Un concetto vasto, che, come già nel caso delle smart city, può trovare chiarezza solo attraverso progetti concreti. 

Dalle linee guida messe a disposizione emergono alcuni principi fondamentali di riferimento: "la sharing economy non è una reazione temporanea alla crisi", vi si legge. "Può essere invece un modo nuovo e diverso di pensare e agire i modelli di sviluppo e il rapporto tra amministrazione e cittadino, dove i soggetti esterni non sono considerati solamente portatori di interesse (stakeholder) in conflitto o in antitesi con il pubblico, ma anche solutionholders in grado di co­progettare, e co­gestire pratiche, spazi, beni e servizi.
In una grande area metropolitana come quella milanese, l’economia collaborativa ha quindi il suo humus per poter funzionare. La Pubblica Amministrazione non può trasformare da sola la città in questo senso, ma può creare le condizioni perché quelle che oggi sono potenziali occasioni diventino effettive opportunità di crescita innovativa per la città. Per fare di Milano una Sharing City, è necessario regolamentare le iniziative territoriali dell’economia della condivisione, in modo che rispettino i diritti fondamentali sanciti dal nostro ordinamento.

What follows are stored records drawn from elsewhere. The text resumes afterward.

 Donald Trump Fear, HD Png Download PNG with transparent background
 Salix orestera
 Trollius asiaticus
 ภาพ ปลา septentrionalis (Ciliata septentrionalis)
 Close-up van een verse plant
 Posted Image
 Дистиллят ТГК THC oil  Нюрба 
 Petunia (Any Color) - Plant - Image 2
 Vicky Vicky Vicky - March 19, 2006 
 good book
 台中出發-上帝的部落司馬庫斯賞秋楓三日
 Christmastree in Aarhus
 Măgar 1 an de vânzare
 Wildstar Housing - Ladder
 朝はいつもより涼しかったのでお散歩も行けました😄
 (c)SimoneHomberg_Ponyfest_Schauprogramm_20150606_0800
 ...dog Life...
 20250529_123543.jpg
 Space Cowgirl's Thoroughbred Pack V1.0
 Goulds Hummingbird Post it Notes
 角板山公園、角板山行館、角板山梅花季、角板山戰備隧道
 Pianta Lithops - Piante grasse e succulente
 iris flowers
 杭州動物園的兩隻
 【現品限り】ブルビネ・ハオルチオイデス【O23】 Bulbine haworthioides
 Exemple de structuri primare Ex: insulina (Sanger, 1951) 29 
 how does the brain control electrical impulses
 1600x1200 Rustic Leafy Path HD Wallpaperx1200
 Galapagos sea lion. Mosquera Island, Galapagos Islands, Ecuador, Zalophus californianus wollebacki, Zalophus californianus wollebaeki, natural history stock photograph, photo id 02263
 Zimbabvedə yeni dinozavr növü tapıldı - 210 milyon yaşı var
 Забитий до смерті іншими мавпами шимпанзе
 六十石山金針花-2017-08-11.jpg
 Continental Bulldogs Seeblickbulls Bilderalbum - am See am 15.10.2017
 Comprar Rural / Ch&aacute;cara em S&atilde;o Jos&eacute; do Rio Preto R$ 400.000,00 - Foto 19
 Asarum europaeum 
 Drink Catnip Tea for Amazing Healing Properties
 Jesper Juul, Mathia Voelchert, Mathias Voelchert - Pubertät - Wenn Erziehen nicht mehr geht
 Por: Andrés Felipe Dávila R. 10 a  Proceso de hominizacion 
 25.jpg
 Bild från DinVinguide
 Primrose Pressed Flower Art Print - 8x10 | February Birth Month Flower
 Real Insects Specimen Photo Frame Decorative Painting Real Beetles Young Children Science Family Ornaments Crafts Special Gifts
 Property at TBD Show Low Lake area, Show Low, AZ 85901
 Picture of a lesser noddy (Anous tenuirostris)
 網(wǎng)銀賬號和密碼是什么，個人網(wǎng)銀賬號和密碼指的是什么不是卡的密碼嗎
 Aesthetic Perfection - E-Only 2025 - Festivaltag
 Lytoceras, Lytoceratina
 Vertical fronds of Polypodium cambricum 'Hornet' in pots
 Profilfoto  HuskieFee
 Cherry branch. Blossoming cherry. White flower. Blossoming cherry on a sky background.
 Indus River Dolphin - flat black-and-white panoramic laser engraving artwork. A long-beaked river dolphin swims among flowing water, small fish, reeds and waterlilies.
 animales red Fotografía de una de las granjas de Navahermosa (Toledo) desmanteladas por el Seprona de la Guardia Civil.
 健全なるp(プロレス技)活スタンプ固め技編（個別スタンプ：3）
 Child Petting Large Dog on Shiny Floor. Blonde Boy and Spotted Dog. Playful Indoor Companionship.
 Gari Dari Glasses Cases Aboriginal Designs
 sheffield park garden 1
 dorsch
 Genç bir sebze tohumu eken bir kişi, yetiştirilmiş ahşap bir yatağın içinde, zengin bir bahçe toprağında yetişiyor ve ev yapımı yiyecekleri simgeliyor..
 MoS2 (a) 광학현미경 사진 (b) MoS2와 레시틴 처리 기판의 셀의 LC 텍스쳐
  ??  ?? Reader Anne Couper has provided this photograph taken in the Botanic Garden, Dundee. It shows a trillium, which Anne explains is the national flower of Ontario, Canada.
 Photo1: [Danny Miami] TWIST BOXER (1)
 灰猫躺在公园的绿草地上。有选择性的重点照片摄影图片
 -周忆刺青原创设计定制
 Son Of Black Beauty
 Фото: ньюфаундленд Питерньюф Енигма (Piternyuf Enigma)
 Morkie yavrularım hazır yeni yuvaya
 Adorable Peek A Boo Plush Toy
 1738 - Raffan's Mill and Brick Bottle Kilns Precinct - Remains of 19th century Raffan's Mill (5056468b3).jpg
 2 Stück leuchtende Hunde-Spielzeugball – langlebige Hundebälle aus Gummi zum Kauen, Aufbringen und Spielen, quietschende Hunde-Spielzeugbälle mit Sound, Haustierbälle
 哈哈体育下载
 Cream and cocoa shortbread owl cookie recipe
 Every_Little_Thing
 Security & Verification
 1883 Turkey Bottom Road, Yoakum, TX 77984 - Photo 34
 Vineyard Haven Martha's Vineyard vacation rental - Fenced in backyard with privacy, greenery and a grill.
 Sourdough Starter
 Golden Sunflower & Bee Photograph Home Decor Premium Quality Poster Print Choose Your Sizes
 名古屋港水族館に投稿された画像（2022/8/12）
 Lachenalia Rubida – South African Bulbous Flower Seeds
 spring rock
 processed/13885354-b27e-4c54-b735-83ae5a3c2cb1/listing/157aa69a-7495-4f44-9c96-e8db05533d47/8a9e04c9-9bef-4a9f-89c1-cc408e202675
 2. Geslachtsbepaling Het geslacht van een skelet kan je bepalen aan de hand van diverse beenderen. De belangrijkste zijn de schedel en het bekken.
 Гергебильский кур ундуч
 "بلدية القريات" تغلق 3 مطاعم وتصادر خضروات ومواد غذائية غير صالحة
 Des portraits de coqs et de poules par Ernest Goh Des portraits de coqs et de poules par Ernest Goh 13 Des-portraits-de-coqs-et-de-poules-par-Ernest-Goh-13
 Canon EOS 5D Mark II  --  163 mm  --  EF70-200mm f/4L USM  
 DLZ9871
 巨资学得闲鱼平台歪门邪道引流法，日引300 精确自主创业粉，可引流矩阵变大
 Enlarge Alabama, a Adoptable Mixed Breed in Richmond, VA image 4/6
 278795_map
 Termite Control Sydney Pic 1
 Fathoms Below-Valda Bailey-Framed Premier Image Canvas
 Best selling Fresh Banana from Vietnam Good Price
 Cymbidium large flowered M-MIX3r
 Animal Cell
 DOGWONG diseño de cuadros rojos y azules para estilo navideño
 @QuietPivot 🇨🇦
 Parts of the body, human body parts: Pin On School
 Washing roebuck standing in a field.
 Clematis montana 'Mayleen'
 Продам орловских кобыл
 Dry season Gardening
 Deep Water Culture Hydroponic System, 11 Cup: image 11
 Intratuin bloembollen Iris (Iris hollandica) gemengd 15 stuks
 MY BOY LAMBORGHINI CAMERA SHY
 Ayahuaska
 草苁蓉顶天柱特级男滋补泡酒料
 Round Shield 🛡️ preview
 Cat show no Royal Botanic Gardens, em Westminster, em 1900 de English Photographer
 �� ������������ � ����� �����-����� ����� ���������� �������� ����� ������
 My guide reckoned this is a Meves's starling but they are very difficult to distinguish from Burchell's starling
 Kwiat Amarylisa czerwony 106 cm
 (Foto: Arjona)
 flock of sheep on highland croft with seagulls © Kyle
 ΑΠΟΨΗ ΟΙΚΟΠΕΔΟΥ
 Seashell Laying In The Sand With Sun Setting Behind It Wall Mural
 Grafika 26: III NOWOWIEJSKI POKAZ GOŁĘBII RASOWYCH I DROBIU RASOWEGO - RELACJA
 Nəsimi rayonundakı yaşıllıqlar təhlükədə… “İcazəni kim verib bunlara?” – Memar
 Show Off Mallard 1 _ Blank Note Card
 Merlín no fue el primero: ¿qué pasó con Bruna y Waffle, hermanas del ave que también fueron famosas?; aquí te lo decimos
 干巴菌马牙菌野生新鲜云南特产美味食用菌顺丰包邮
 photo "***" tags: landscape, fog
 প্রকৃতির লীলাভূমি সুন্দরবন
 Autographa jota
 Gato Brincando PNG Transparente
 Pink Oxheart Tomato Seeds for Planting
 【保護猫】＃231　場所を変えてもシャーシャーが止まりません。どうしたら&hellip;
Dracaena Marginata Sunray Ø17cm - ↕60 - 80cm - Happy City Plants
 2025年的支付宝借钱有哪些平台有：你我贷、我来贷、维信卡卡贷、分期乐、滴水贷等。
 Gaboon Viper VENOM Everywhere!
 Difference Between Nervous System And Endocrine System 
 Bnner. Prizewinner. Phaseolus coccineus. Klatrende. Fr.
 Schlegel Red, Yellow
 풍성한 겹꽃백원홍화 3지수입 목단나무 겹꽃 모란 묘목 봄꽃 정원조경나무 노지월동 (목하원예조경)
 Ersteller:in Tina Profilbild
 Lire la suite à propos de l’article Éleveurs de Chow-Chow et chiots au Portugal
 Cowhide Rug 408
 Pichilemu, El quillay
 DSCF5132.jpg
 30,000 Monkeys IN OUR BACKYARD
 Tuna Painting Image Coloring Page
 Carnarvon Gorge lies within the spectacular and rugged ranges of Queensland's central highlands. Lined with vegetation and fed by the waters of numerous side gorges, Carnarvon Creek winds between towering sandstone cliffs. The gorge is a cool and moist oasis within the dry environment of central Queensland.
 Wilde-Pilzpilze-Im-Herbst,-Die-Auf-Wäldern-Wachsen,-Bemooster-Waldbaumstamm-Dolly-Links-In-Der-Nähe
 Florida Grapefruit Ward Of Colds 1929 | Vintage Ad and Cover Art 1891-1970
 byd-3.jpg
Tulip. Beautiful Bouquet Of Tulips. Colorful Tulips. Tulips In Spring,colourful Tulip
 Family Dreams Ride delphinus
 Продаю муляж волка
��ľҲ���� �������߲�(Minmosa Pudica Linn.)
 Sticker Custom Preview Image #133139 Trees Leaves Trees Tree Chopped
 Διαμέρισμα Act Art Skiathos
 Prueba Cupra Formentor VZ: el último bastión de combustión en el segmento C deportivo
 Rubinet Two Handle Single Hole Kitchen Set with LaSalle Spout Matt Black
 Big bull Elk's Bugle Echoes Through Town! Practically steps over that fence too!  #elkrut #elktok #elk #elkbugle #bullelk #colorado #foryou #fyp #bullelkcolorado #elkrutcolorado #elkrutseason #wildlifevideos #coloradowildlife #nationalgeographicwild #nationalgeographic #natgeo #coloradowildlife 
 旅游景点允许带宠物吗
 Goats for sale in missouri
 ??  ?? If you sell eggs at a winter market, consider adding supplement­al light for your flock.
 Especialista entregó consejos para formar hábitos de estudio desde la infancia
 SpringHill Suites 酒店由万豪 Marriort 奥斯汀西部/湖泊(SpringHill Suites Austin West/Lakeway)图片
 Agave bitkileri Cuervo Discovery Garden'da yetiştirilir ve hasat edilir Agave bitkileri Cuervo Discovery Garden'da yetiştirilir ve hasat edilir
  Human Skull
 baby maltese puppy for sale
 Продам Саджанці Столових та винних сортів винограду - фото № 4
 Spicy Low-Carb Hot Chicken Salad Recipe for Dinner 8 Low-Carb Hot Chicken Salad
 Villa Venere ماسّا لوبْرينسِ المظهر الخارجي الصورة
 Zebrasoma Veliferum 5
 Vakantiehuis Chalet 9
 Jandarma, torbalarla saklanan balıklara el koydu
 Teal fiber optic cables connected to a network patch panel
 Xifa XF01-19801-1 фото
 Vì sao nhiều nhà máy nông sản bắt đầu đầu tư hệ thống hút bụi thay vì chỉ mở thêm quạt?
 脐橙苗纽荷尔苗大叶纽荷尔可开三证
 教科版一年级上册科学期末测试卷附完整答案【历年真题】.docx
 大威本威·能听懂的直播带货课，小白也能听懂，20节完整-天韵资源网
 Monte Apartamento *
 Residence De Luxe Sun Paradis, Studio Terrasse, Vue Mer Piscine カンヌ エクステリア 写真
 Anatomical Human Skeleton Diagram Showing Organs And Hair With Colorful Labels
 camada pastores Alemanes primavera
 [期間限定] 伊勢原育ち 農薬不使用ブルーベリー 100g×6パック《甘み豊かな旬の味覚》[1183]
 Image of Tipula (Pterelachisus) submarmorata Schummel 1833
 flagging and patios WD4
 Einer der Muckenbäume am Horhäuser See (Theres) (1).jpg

E’ dunque importante dotarsi di un quadro strategico capace di garantire un “ecosistema istituzionale collaborativo” favorevole allo sviluppo di un’economia condivisa che sia regolata, inclusiva e sostenibile, secondo obiettivi comuni, individuando i criteri secondo i quali è possibile definire l’economia della condivisione."

Per definire meglio che cosa può essere la sharing city, il Comune, in maniera coerente con i principi che la smart sharing city fa propri - centralità del cittadino protagonista responsabile delle scelte e coautore delle politiche -  ha deciso di avviare alcuni mesi fa una consultazione pubblica. Dire la propria opinione è ancora possibile.  La consultazione si chiuderà il 7 dicembre 2014.